The implications of this are enormous. One of the reasons the city centre is not a place people live is that what should have been homes in all the spaces above the ground-floor retail just weren't worth the hassle of actually making into homes. Anything other than businesses that needed prime location were second-class because it was all about those prime locations.

Glasgow became a space of that prime retail, corporate offices and the cafes and sandwich shops that fed off them. When its all about prime space, land costs are going to reflect that.

I could explain this in an awful lot more detail; lots of property is owned by equity funds who hold them as speculative investments rather than revenue-generators. They have a notional value for these properties which they are waiting to rise, and if they have to rent out the space at a price lower than suggested by their notional value, they have to mark down the price of the whole building on their books.

So it is in their interest to keep the whole place empty so they can retain the pretence and hopefully sell on in a subsequent property boom. Likewise what is built on available land is not what the city needs but what unlocks the highest return on the land value. For a while it was luxury housing, then it was retail and office space, then it was student flats. These aren't infrastructure, they're the means of releasing the maximum profit from land.

Likewise a historic two-story building is much more valuable as charred rubble than as a building. You immediately have land to speculate on, even if it is a weed-strewn mess for years and years. You don't want social space; if there is space, you make it private, you build on it, you make peope pay to use that space. And all of the above – all of it – is the economic model that Glasgow's Council Tax revenue is based on.

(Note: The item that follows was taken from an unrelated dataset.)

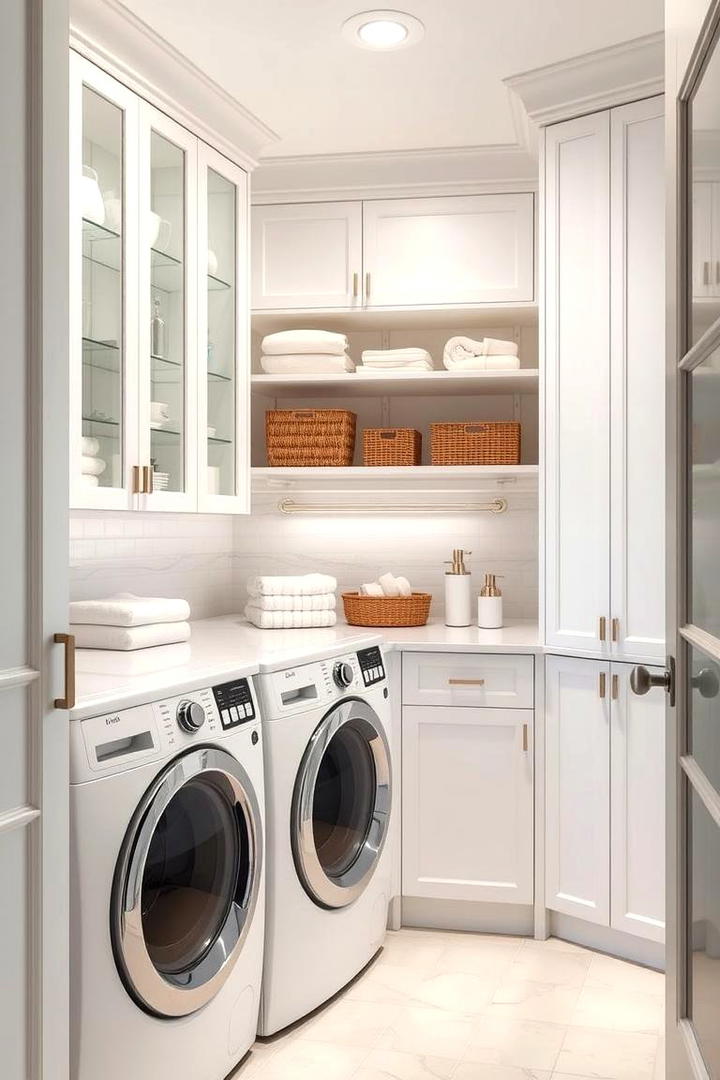 Glass Front Cabinets with Adjustable Shelves - 30 Laundry Room Shelf Ideas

And it's gone. In-person retail is declining rapidly and is unlikely to return. City centre office spaces make less and less sense in eras of home working. The sandwich shops and cafes don't survive without the other two. The logical thing at this point is for property prices to decline which then makes conversion to housing sensible, and so community replaces commerce and the city is alive in a different way.

But the rule about UK property prices is that public policy never, ever lets them decline. It underpins the whole Ponzi scheme that is the UK economy. They can rise but must never fall. Fundamentally, Glasgow still has property prices that are appropriate to a booming retail and office space economy, but it doesn't have that economy any more.

You could bring Glasgow back to life by accepting all of this and managing (indeed encouraging) a gentle but continual fall in property prices. It would let the city transition its economy and become the thing it needs to be next. But they won't, because breaking orthodoxy is really hard.

Everything everyone says about how to revitalise Glasgow is broadly correct. I just wish they'd focus more on why those things don't happen. The city is living in its recent past – and that is a large part of why it can't become what it needs to be next.